TASK REQUIREMENTS: A picture-free, exact reproduction of the listing that follows is required.

DATA BELOW:
* * * * * * * * *

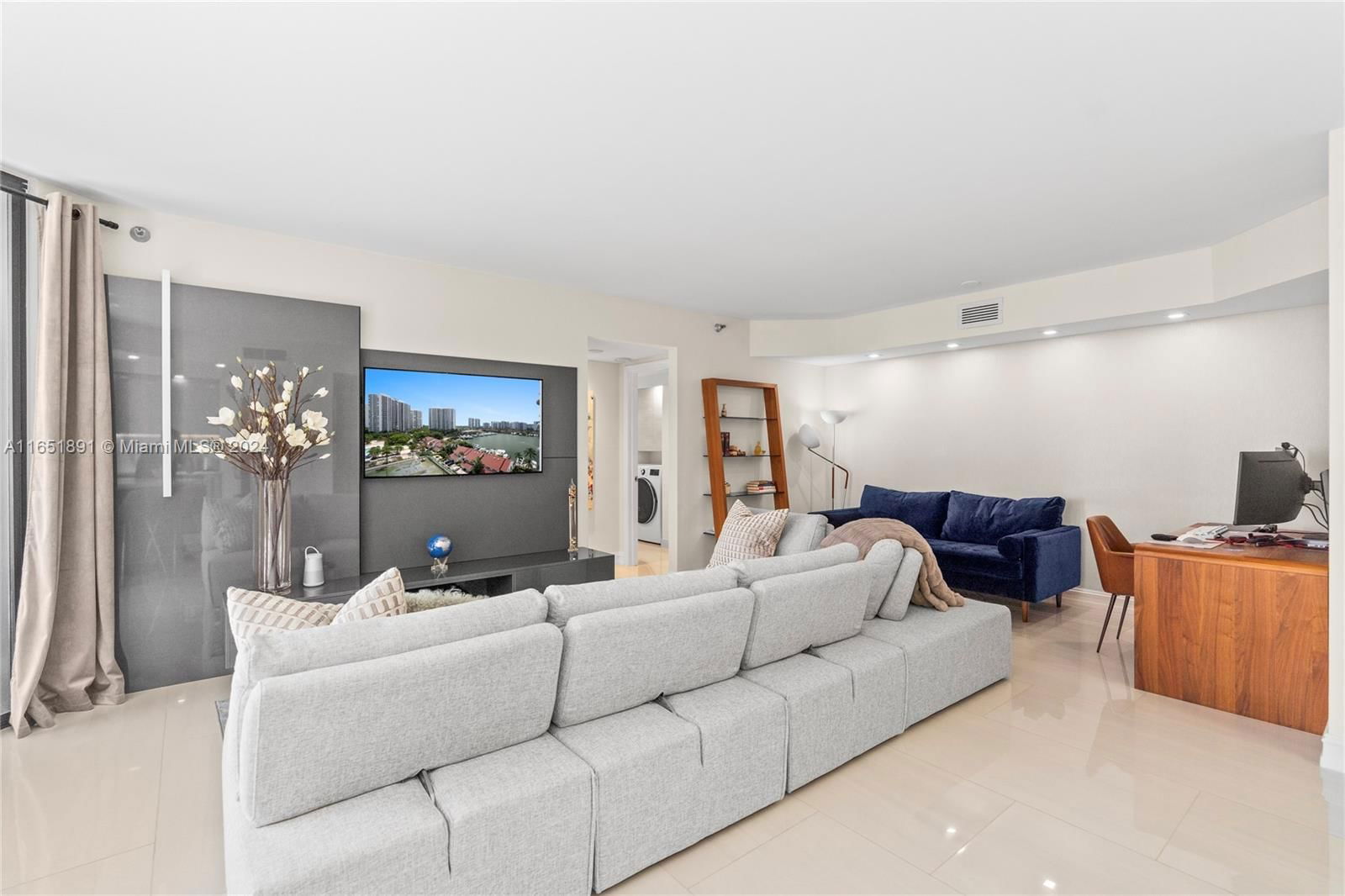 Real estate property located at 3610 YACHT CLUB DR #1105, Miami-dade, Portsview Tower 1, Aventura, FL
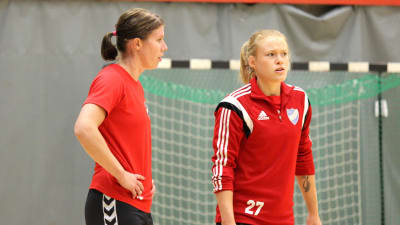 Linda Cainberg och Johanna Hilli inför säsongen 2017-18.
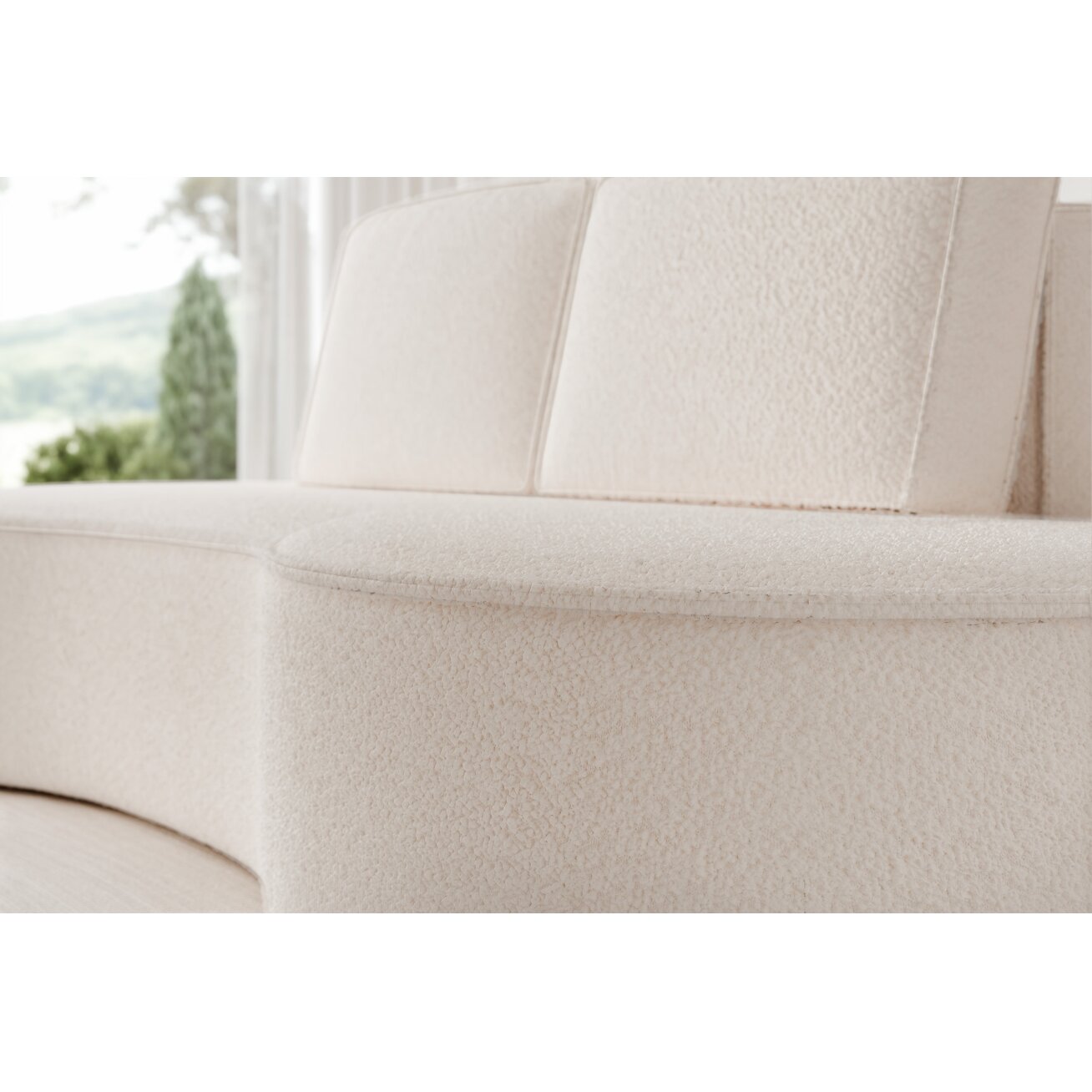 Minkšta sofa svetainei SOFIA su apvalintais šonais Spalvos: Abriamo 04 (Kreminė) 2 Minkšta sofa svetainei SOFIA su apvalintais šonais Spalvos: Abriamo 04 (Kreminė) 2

* * * * * * * * *

SOLUTION TO THIS EXERCISE:
 Real estate property located at 3610 YACHT CLUB DR #1105, Miami-dade, Portsview Tower 1, Aventura, FL
 Linda Cainberg och Johanna Hilli inför säsongen 2017-18.
 Minkšta sofa svetainei SOFIA su apvalintais šonais Spalvos: Abriamo 04 (Kreminė) 2 Minkšta sofa svetainei SOFIA su apvalintais šonais Spalvos: Abriamo 04 (Kreminė) 2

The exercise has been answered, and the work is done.